| TASK ITEM |
Beneath this instruction is a listing. Transcribe from it only the stretch from the line with "361 Dupuis Drive Clarksville TN 37042" through the line with "My Fake Crush", both end lines included, exactly as written.

| SUPPLIED RECORDS |
►

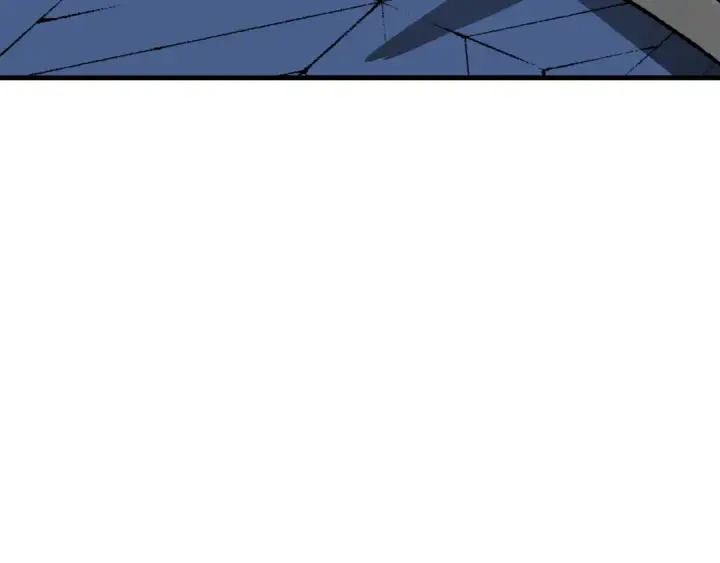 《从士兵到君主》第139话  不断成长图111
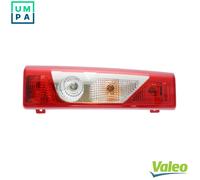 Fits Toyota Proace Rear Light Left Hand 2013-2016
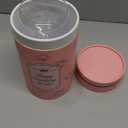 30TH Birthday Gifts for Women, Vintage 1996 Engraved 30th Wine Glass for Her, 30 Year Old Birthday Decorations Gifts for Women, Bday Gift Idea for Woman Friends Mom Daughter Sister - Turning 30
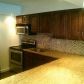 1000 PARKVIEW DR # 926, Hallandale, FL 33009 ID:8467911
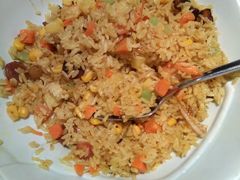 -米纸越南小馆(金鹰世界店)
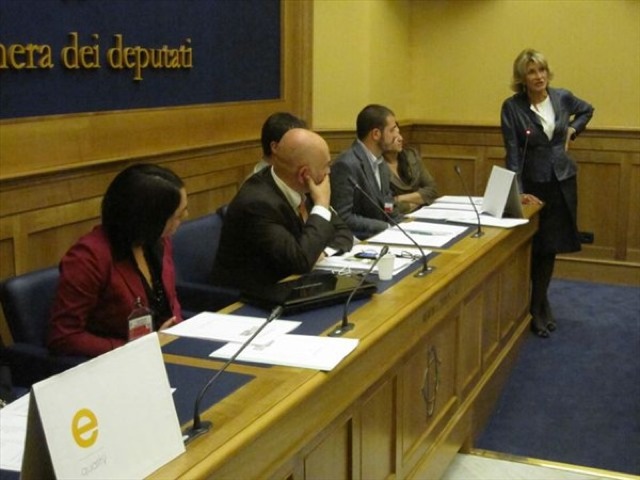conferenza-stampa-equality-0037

◄
►

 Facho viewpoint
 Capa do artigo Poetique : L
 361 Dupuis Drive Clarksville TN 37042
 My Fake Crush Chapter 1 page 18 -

◄

| RESPONSE |
 361 Dupuis Drive Clarksville TN 37042
 My Fake Crush Chapter 1 page 18 -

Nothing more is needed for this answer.